Crédito onde ele é devido: a humilde coleção de lembranças a seguir é inspirada por um dos meus textos preferidos de todos os tempos, Under the Covers with a Flashlight: Our Lives as Readers, do Emmet Asher-Perrin. Como o autor, eu tentei nesta série traçar um panorama da minha vida através dos livros que eu li, e aconselho:

“Da próxima vez que você tiver um acesso de nostalgia, não tire o velho álbum de fotos da gaveta. Vá até sua estante, e veja o que aparece”

III

Eleanor Vance se encaminhava para Hill House enquanto eu, também, ganhava um novo lar. “A Assombração da Casa da Colina” foi o primeiro livro que eu comecei em São Paulo, capital, depois de ter me mudado da cidade no interior onde havia morado toda a minha vida.

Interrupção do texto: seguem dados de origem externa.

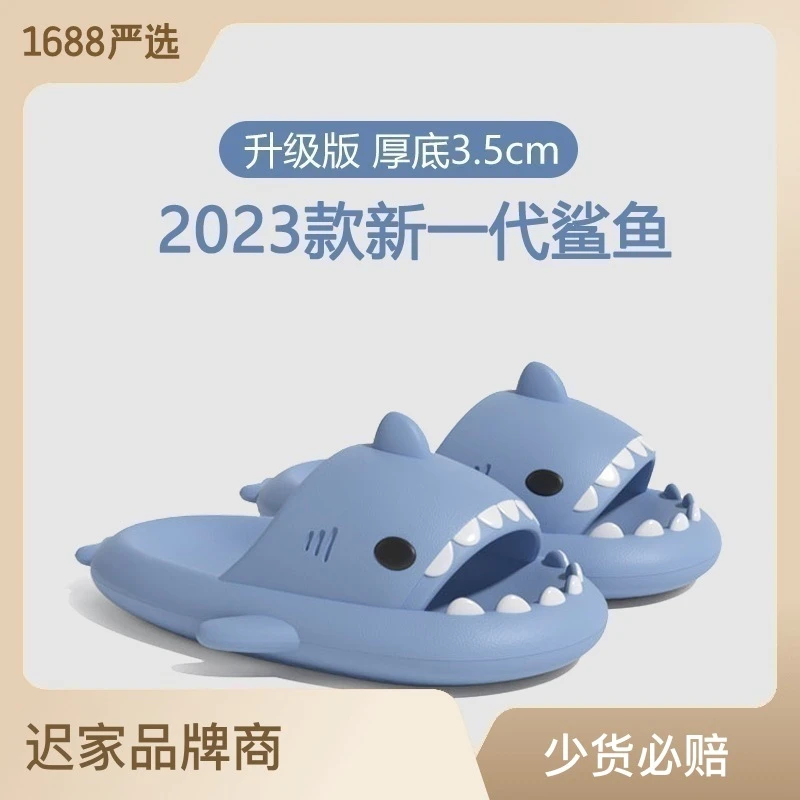 新一代鲨鱼拖鞋女夏季室内外居家用浴室洗澡防滑防臭情侣凉拖鞋男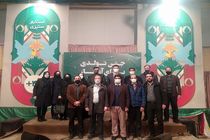 حضور کارکنان مخابرات اصفهان در رویداد نمایشی مثبت ۴۴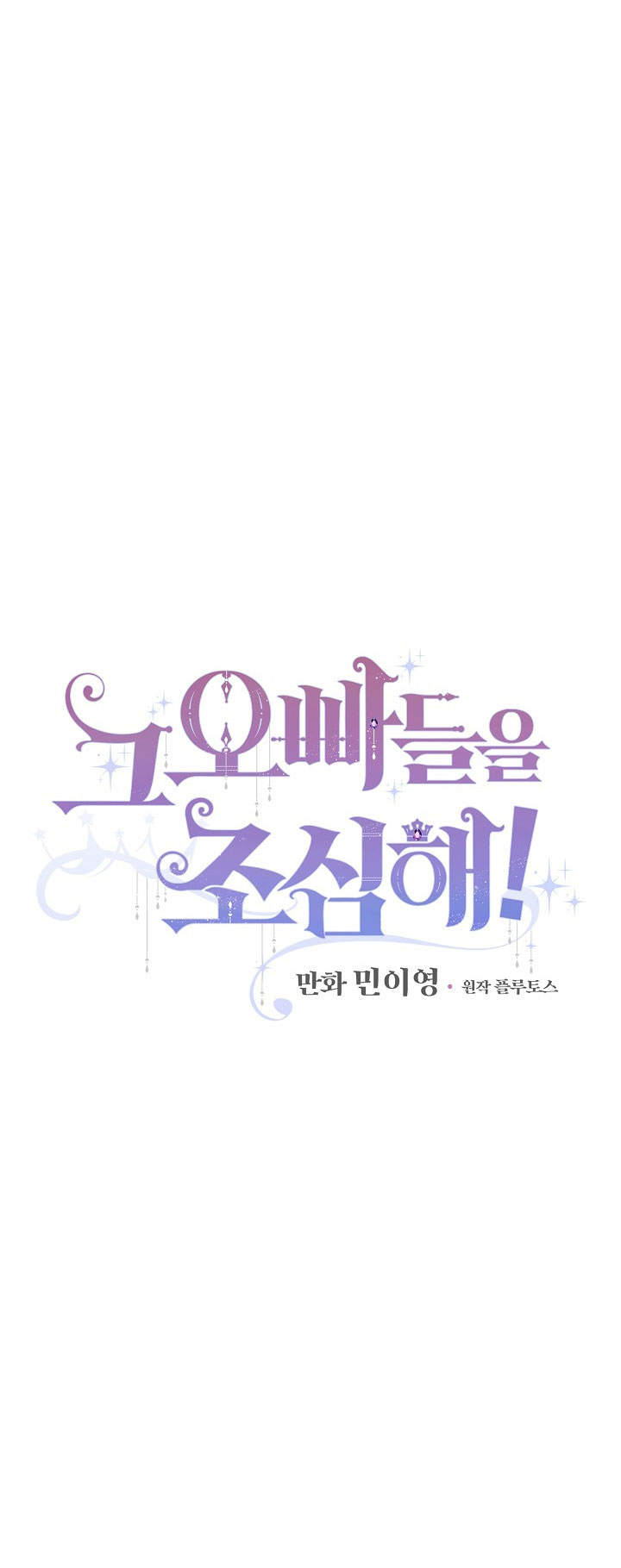 Đừng Chọc Đứa Em Gái Bé Bỏng Của Chúng Tôi Chapter 42 - 14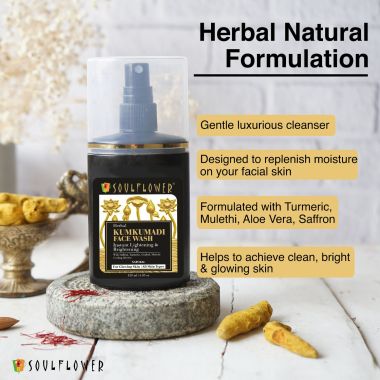 Soulflower: Herbal Kumkumadi Face Wash - 120ml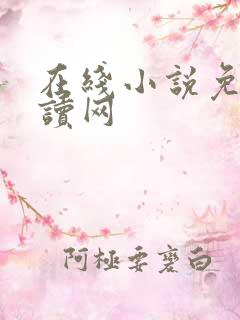 在线小说免费阅读网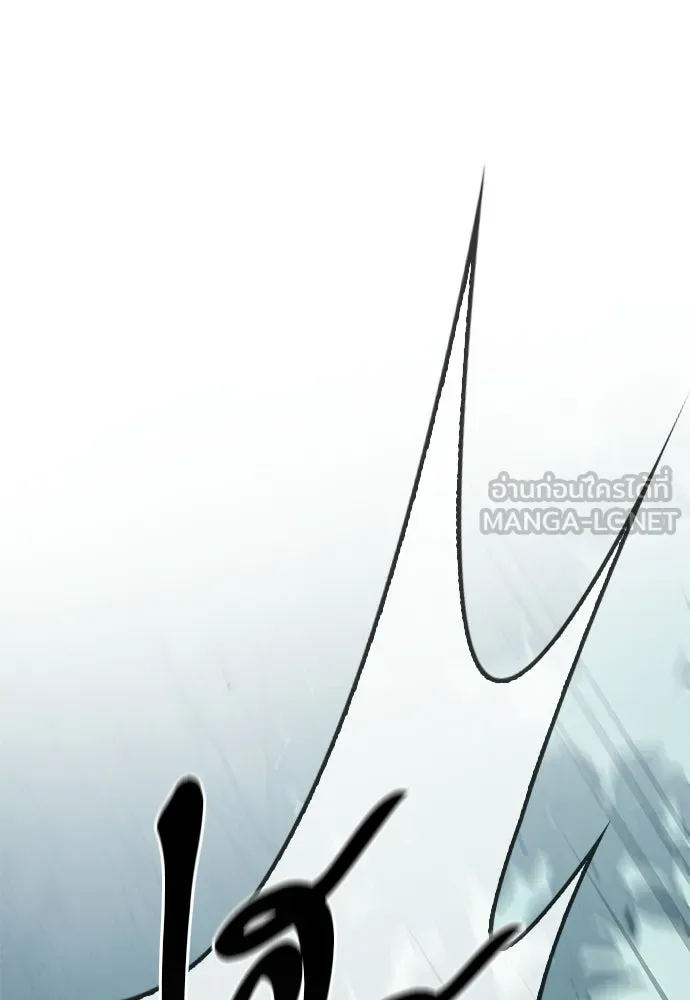 นักล่าฆ่าเพื่อรอด ตอนที่ 10 รูปที่ 147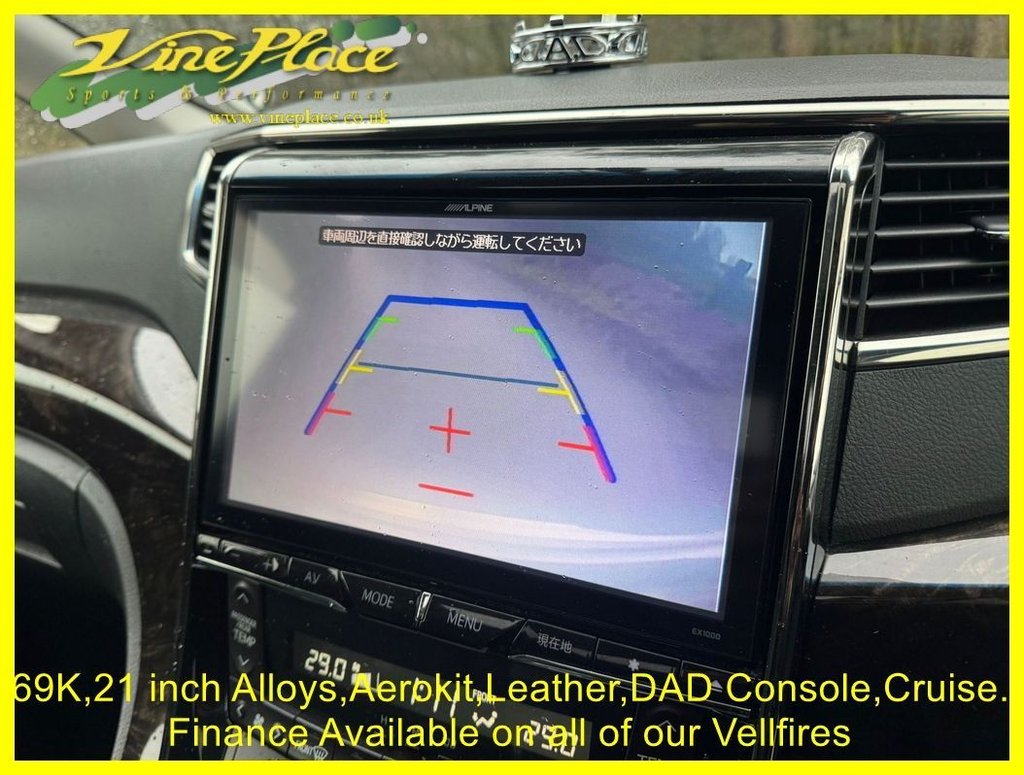 Used Toyota Vellfire 2014 for sale - 77672632: Photo 28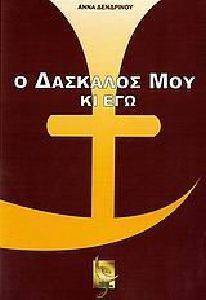 Ο ΔΑΣΚΑΛΟΣ ΜΟΥ ΚΙ ΕΓΩ Ο ΔΑΣΚΑΛΟΣ ΜΟΥ ΚΙ ΕΓΩ
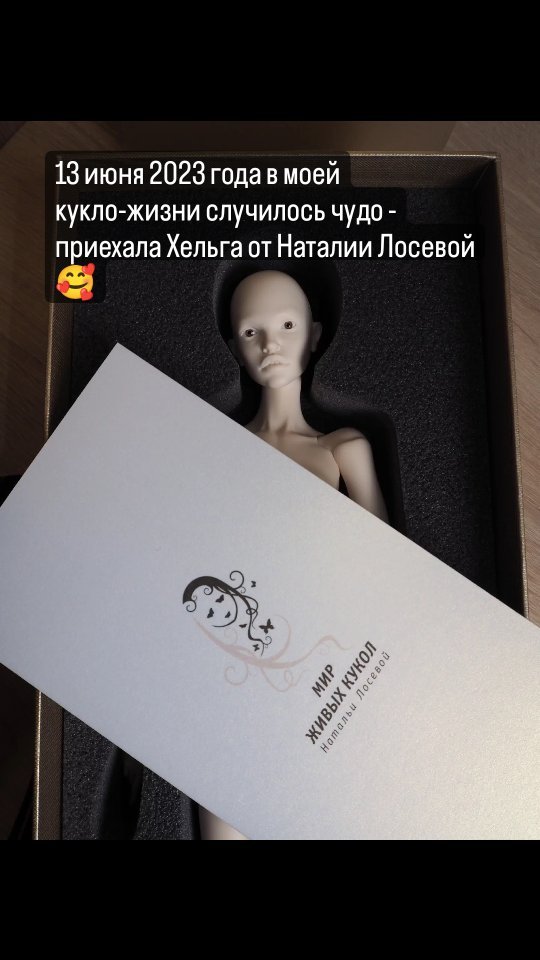marsiankka в LOOKY. #natalialosevabjd,#natalialoseva,#natalialosevadolls,#natalialoseva_dolls,#natalialosevadoll,#natalialosevahelga,#nlo_dolls,#nlo_berenika,#resindoll,#bjd,#balljointdolls,#шарнирнаякукла,#кукла. Почти три года ожида...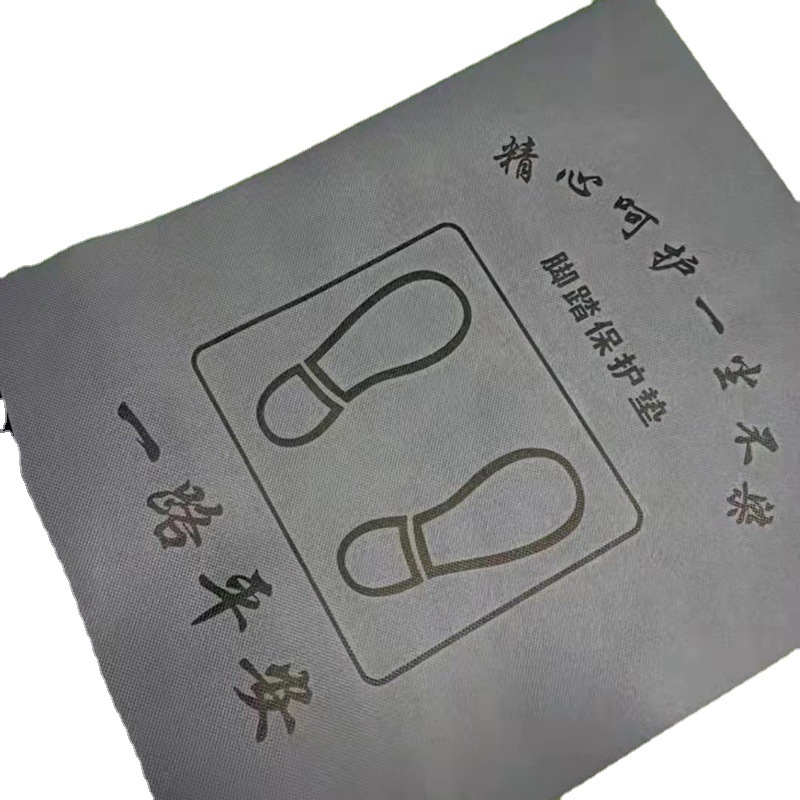 Customized Non-Woven Foot Mats, Car Wash Mats, Foot Paper, Reusable, Waterproof, Non-Slip, Cross-Border Hot Selling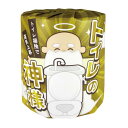 【※50個セット販売※】【トイレの神様】送料無料 おもしろ 林製紙 トイレットペーパー トイレ用品 消耗品 イベント 販促品 景品 ノベルティ 記念品 プレゼン...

Como Eleanor, eu saí de casa talvez um pouco tarde demais para as convenções sociais, aos 26 anos; como para Eleanor, o prospecto de construir uma nova vida era para mim objeto de fascinação, excitação e terror.

“Voar solo” pela primeira vez, sair da casa dos pais para estruturar qualquer que seja a nova fase para a qual cada um parte quando faz isso, é um ritual que sempre me pareceu infestado de sensações de ansiedade. A insegurança econômica, emocional, até cotidiana, que é intrínseca da vida adulta, vive desde então no fundo da minha cabeça como um monstro, pronto para atacar a qualquer momento.

E, ao mesmo tempo, também existe nesse período uma jubilosa apreciação da liberdade. Talvez por isso as primeiras páginas do livro de Shirley Jackson tenham me tocado tanto mais do que qualquer outra parte dele—foi deliciosamente familiar, e unicamente terapêutico, estar na cabeça de Eleanor enquanto ela se deleitava na pura possibilidade de imergir em um mundo onde era uma agente própria, sorrindo para si mesma da oportunidade de decidir, espontaneamente, parar o carro em um restaurante e interagir com uma família estranha.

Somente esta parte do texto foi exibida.